[SOURCE DATA Boundary: Start]

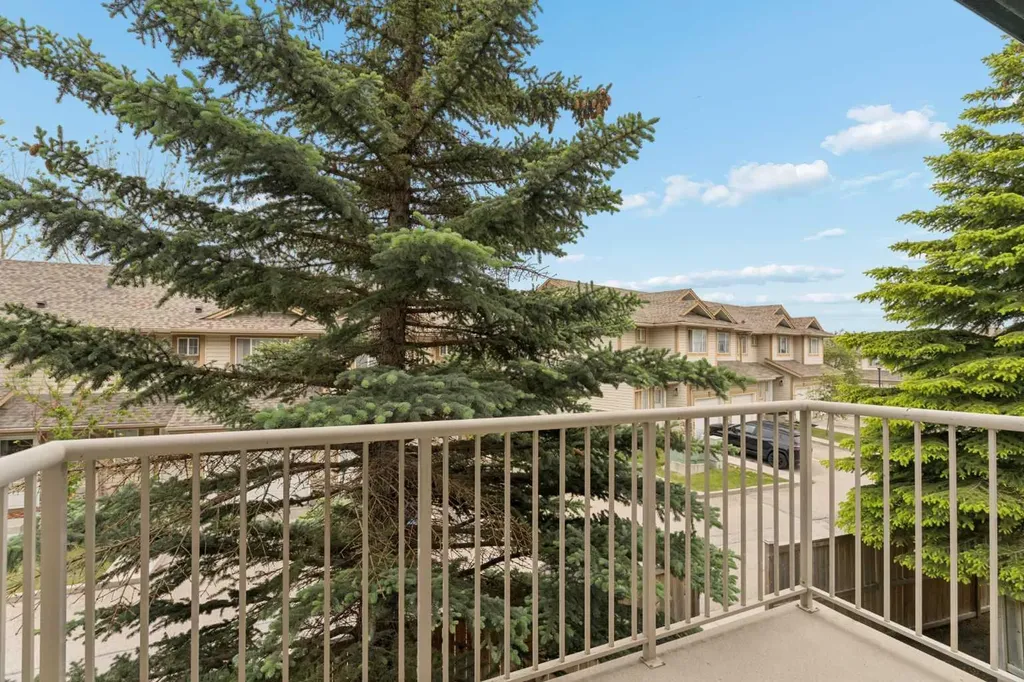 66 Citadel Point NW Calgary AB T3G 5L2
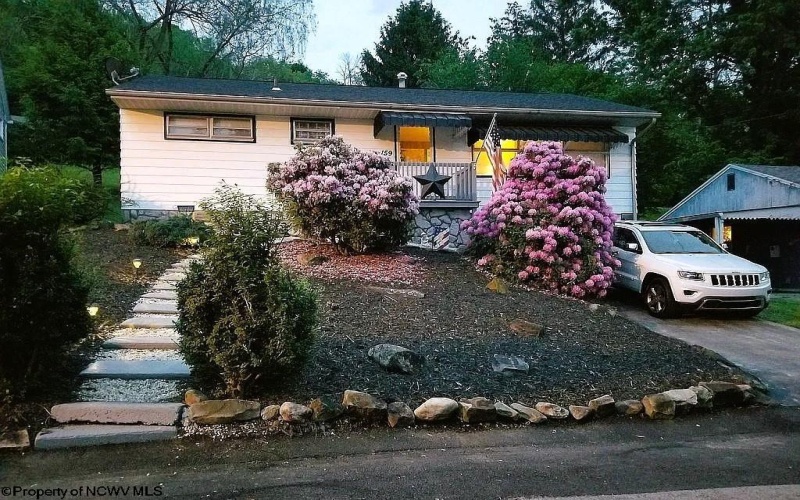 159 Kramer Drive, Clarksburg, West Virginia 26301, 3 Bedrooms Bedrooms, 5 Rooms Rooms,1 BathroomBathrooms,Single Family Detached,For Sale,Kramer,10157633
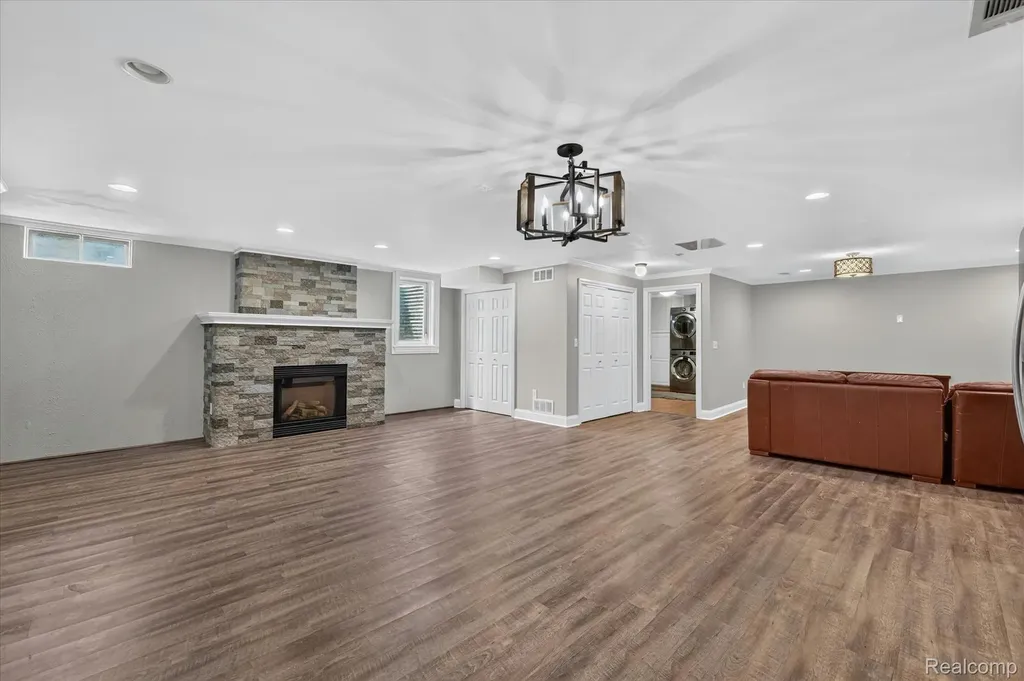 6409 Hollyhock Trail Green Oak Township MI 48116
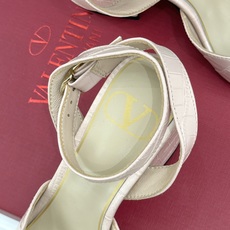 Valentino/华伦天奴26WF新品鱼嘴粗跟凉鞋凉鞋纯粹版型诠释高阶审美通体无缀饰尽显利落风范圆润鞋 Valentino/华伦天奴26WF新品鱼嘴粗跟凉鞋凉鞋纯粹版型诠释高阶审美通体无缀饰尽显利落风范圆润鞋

[SOURCE DATA Boundary: End]

*TASK REQUIREMENTS*: Print the data above exactly, from its first line to the line bearing "6409 Hollyhock Trail" inclusive, and keep pictures out of the result.

*ANSWER BOX*:
 66 Citadel Point NW Calgary AB T3G 5L2
 159 Kramer Drive, Clarksburg, West Virginia 26301, 3 Bedrooms Bedrooms, 5 Rooms Rooms,1 BathroomBathrooms,Single Family Detached,For Sale,Kramer,10157633
 6409 Hollyhock Trail Green Oak Township MI 48116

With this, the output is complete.